Trophies held as at 2003:

  1. “The Rusty Cup” donated by friends and family of the late Russell Bush. This replaced the Calder Bank Trophy donated by Keith Lorimer.
  2. The Ian Hanna Trophy fished on all lochs.
  3. The Ian Hay Trophy, a former President of the Association, donated by his wife Grace, also a former President. Fished for on a hill loch.
  4. The Hoskins Cup donated by Ken Hoskins a former President of the club. Fished for on Loch Watten.
  5. The Berry Trophy donated by Mr Berry, an annual visitor from Stirling. Fished for on an all night competition held on Loch Watten.
  6. The KSL Trophy donated by Konsberg Simrad Limited to replace the Osprey Trophy fished for on Loch Watten.
  7. The Bloody Foreigner Trophy donated by Pieter Hovig, now the owner of Loch Toftingall. Fished for on Loch Toftingall.
  8. The T.A.Parry Trophy donated by Mr. T. Parry the first Association President. Fished for on Loch Watten.
  9. The Matheson Trophy presented by Mr. Matheson of Wick. The first Association member subsequently given life membership. Initially the trophy was a barometer purchased and presented each year but this was replaced in recent years by a trophy. Awarded for the heaviest fish caught on Loch Watten from a D.F.F.A. boat.
  10. The Castle Trophy presented by Tony Castle, former Association Chairman. Awarded for the heaviest trout from a D.F.F.A. boat on any loch.
  11. The Grouse Trophy presented by Grouse Whisky for the heaviest boat catch of the year.
  12. The Junior Champion Trophy presented by Jess Murray, widow of Martin, former Association Chairman.
  13. The Club Champion Trophy for the competitor with most points.

An annual competition is held with the Shetland Angling Association, the participants on the D.F.F.A, team being drawn from the Club Championship.
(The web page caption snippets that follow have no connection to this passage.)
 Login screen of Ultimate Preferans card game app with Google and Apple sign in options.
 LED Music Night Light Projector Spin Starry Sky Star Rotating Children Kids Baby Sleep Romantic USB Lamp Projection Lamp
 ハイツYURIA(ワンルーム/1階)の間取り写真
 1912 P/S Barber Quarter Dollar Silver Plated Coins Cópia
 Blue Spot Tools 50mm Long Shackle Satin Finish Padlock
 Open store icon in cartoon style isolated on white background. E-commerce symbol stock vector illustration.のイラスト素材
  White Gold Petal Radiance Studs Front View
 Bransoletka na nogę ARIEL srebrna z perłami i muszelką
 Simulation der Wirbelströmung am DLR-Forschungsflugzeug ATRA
The constitution, first drawn up in the early sixties, has been amended on several occasions over the years but in essence not much changed. In it the aims of the Association are laid down as well as requirements for financial matters, types of membership and the holding of an A.G.M. at which a quorum is required and the office bearers and committee members for the next year are elected. Amendments to the constitution are proposed and dealt with at the A.G.M. and the meeting is closed after any points raised by the membership are discussed. A set of rules, under which the competitions are fished, has been drawn up and set out in a document entitled “Competition Rule” and these, in the spirit of fairness, are strictly adhered to. A newsletter is published at the start of each season listing all available fishing and the conditions and rules pertaining to each. Safety hints are included at the same time stressing that every angler is responsible for his/her safety.
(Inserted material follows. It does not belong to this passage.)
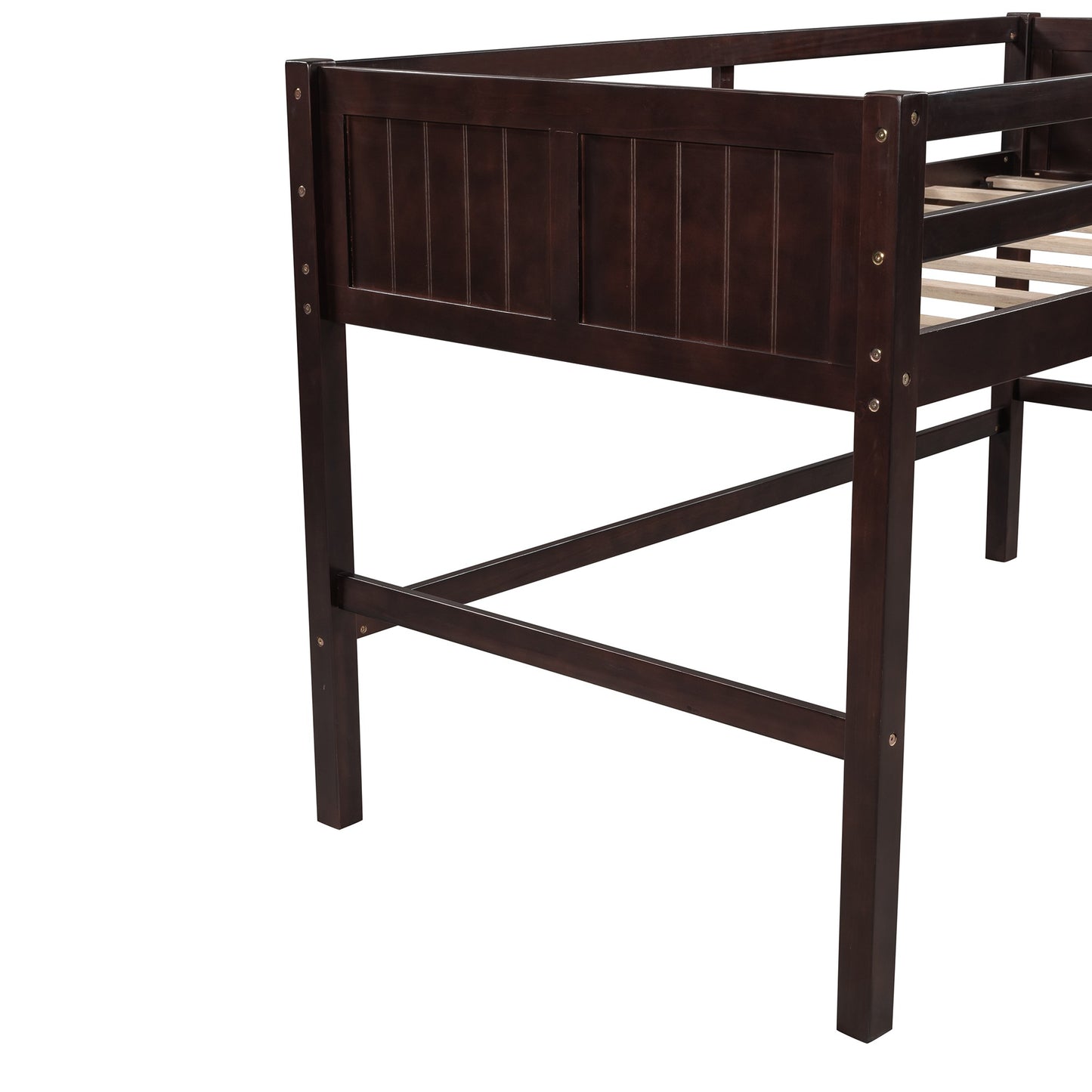 Brown Twin Size Low Loft Bed With Ladder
The Dounreay Fly Fishing Association has, over the years, maintained its role of providing angling facilities for members whose only qualification is membership of Dounreay Sports and Social Club. This provides for Full, Associate, Junior, Ladies and Visitor Membership. Fees have been set, from the start, at affordable levels designed to cover running costs and to provide a very modest float. Outlay has been incurred on improvement projects at various fisheries and the over-riding principle has always been to provide facilities and set of rules designed to maximise safety. Over the years, the occasional scheme has been dreamt up, aimed at exploiting the extensive angling potential of the Far North but D.F.F.A. has resisted any temptation to become involved since, in the first instance, it would be difficult to reconcile any profit making venture with the constitution and, secondly, competent visiting anglers are always welcome as visitor members adhering to the Association rules. There has, for some years, been rumours regarding the closure of Viewfirth and the demise of D.S.S.C. but it should be recognized that the second mentioned will not necessarily follow the first. However, should there be any closure, earnest discussions will no doubt ensue and the participants would do well to remember that D.F.F.A. in its present form as a sub-section of a main club has existed for going on forty five years and other organizations in the area appear to have benefitted from similar arrangements.